Architecture

Obama’s Columns

What they really symbolized.

Barack Obama speaks at the Democratic National Convention 2008 at the Invesco Field

The backdrop to Obama’s acceptance speech at Invesco Field last night was widely described as a Greek temple. Some have compared it to the Lincoln Memorial, a secular temple, before which Dr. Martin Luther King Jr. gave his famous “I Have a Dream” speech, whose 45th anniversary coincided with the convention. Others saw architectural allusions to the White House.

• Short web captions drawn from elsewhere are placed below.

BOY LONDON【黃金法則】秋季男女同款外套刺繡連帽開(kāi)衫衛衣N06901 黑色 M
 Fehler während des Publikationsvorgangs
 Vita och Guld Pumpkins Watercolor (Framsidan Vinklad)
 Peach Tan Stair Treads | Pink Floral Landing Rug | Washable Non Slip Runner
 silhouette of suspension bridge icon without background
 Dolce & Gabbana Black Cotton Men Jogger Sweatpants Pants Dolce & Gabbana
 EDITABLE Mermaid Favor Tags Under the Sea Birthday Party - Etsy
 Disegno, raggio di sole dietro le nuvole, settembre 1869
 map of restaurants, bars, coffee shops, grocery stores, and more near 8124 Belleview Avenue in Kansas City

Actually, the Denver setting was a loose (and much smaller) version of the neoclassical colonnade in Chicago’s Soldier Field. That structure, part of an athletic stadium designed in 1919 by Holabird & Roche, commemorated World War I soldiers, hence the name. So the symbolic messages of the much-maligned Temple of Obama are not only “Lincoln,” “Martin Luther King,” and “White House,” but also “Chicago,” “war memorial” and “ancient Greece: birthplace of democracy.”

Chicago’s Soldier Field

The real surprise is that a campaign based on change eschewed Gehry-esque billowing-cloud shapes, Libeskindian jagged shards, and even stainless-and-maple Starbucks moderne. Is Obama a closet Classicist, or is this merely another measure of this contradictory politician?